I am especially proud of the love you have for Mass by coming each week or even daily.  During these summer months I encourage you to come to Mass more often.  If you have never been to a daily Mass please come.  You will be inspired by the number of men and women who meet the Lord each day.
I can speak for myself, Fr.
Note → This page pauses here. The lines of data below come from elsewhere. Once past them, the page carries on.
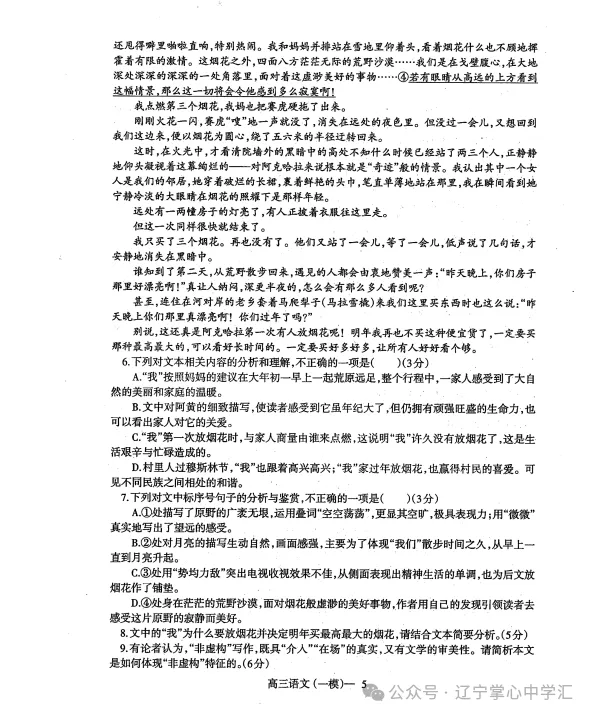 2025年3月辽宁协作体高三一模试卷+答案 第5张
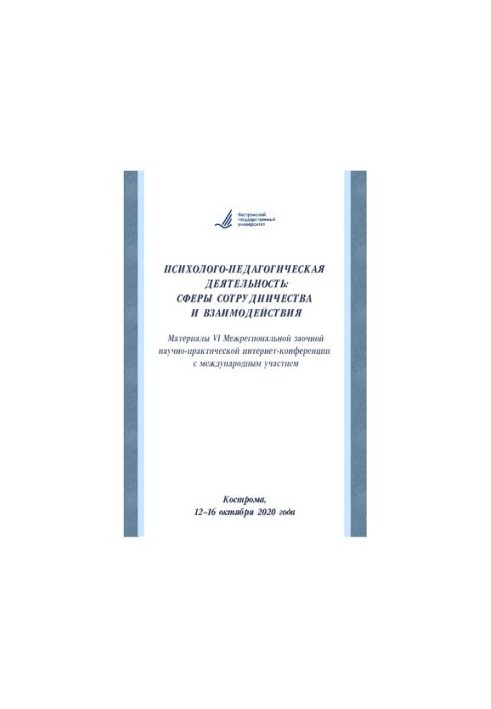 Psychological and pedagogical activity: spheres of cooperation and interaction: materials of the VI Interregional correspondence scientific research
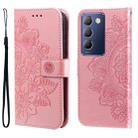 For vivo Y100 IDN / Y200e 5G Global 7-petal Flowers Embossing Leather Phone Case(Rose Gold) - 1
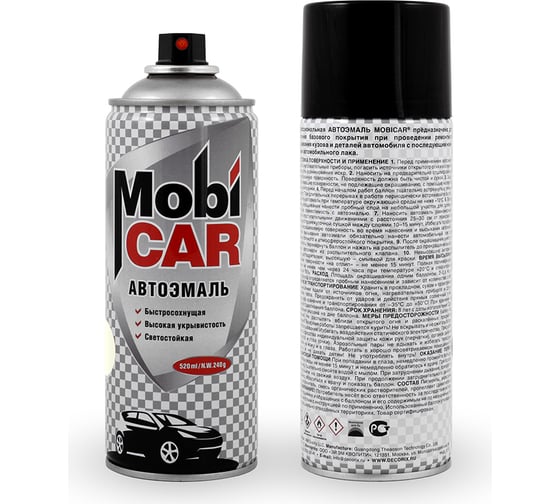 Аэрозольная автоэмаль Mobicar 520 мл 201 белая 0501-201 MC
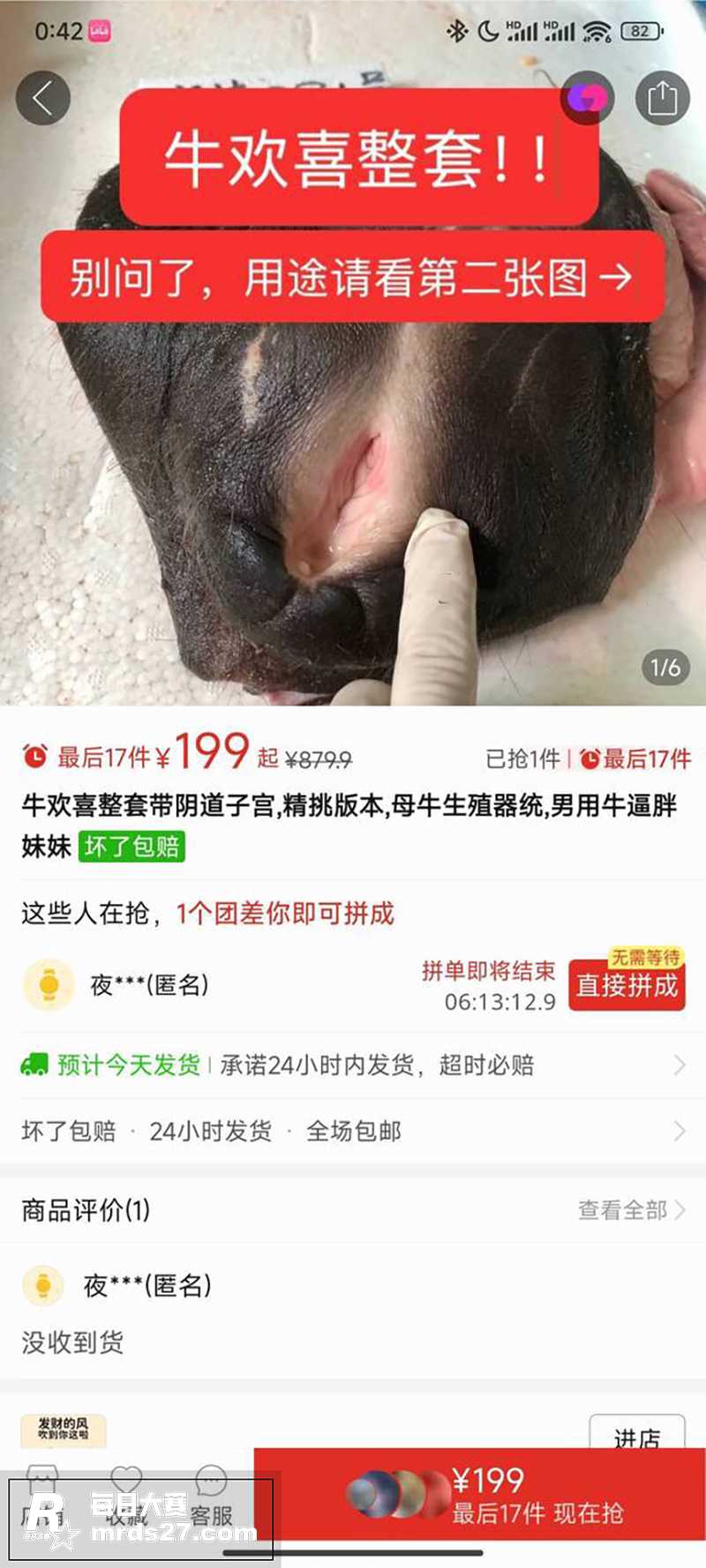 牛逼你肯定吹过 但不相关图片1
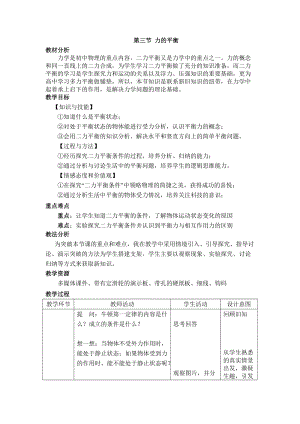 滬科版八年級全一冊物理7.3力的平衡教案（何老師安徽市級優課）.docx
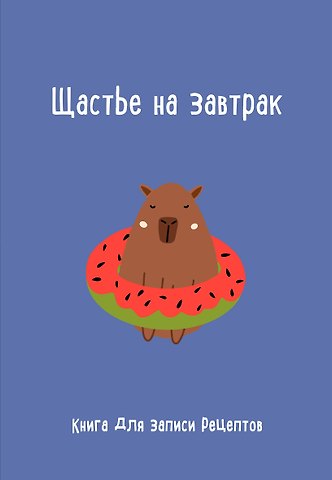 Книга для записи кул.рецептов А5 Щастье на завтрак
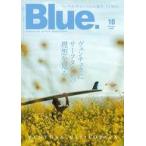 中古ファッション雑誌 Blue. 2025年10月号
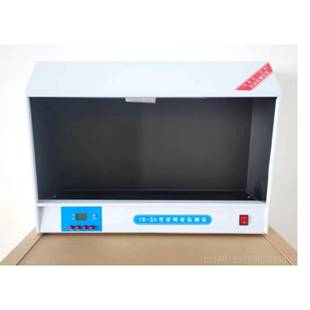 新款天津光仪器Yb2-2/Yb-A Yb-I学ia明度检测澄仪
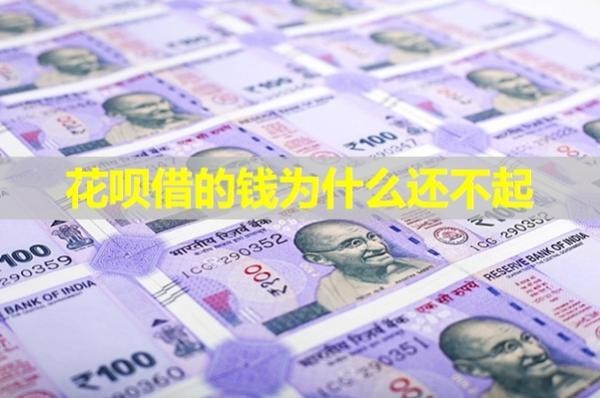花唄借的錢為什么還不起？具體分析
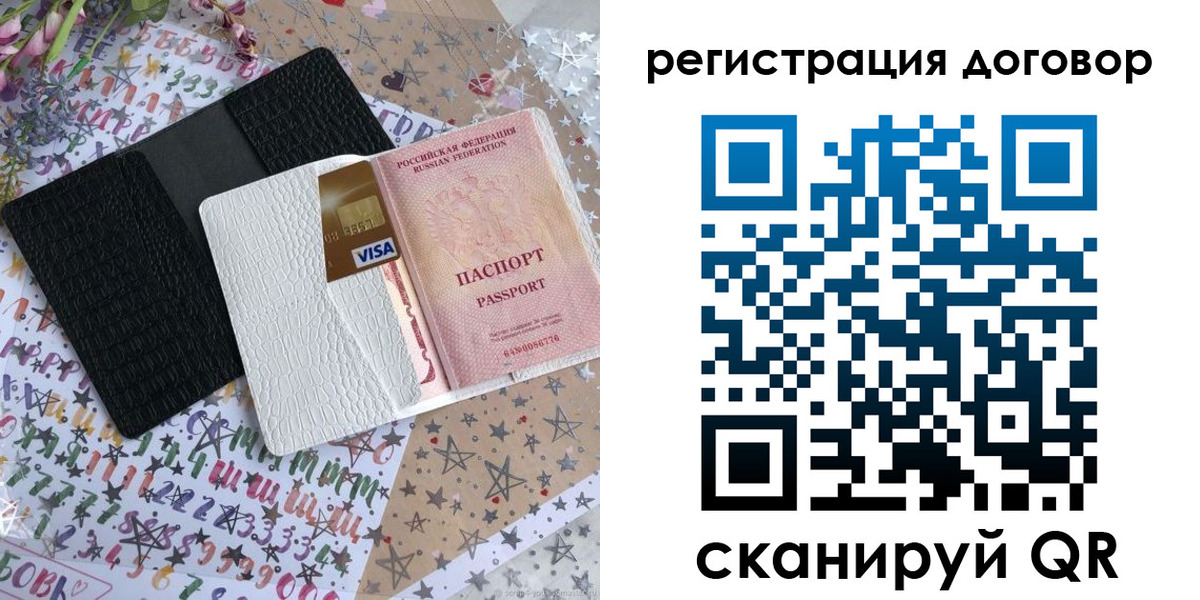 прописка для военкомата в Гвардейске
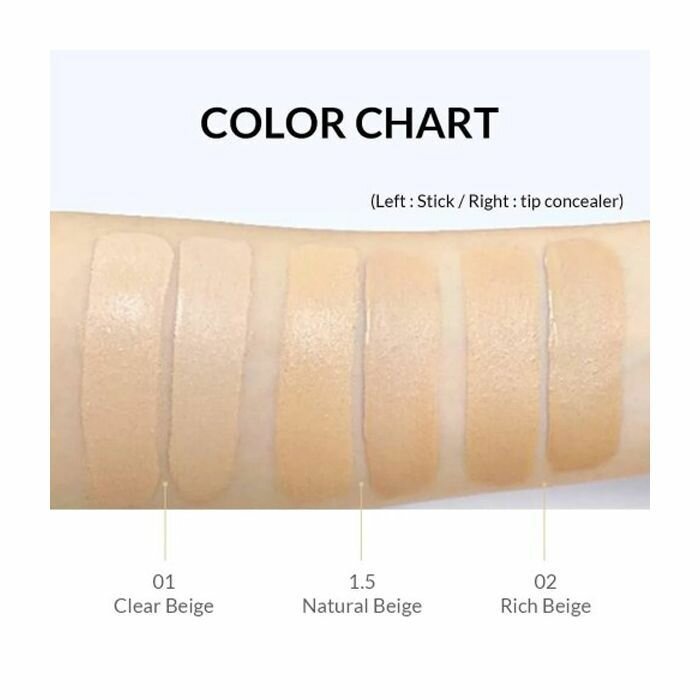 Консилер двойной The Saem Cover Perfection Ideal Concealer Duo1.5Natural Bei - фото №19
Rich, our two new priests, and priests in general—without the Eucharist I would not be a priest.  We would not be priests if what goes on at the altar every day isn’t real.
Yet the Real Presence of Jesus’ Body and Blood is one of the clearest teachings in scripture: “Amen, amen, I say to you, unless you eat the flesh of the Son of Man and drink his blood, you do not have life within you.  Whoever eats my flesh and drinks my blood has eternal life, and I will raise him on the last day.  For my flesh is true food, and my blood is true drink.”  I wonder how any Christian could fail to understand Christ’s teaching in this regard.  Whether at the literal or spiritual level, analyzing the Greek text or simply using common sense (the Jews quarreled over what they thought was bizarre and disciples left Jesus and he didn’t bring them back), Jesus’ teaching is obvious.
And Jesus’ offering his Body and Blood didn’t come out of nowhere.  Indeed, Jesus fulfilled the sign of the manna that fed the Israelites in the desert: “This [Jesus’ Body and Blood] is the bread that came down from heaven.  Unlike your ancestors who ate and still died, whoever eats this bread will live forever.”  While the Israelites were fed physically, they still died.  When we eat Jesus’ Body and Blood we eat the food that nourishes for all eternity.  While we, too, die physically, the Eucharist prepares us to live for ever.
Before every Mass I offer the same prayer:
Priest of God, celebrate this Mass as if it were your first Mass;
Priest of God, celebrate this Mass as if it were your last Mass;
Priest of God, celebrate this Mass as if it were your only Mass.
As we gather on the feast of Corpus Christi—the Body and Blood of Christ—come to the altar as if it were your first time ever.  Enter into Mass today as if it will be the last Mass you will ever attend.  Pray and focus as if this is the only Mass you will celebrate.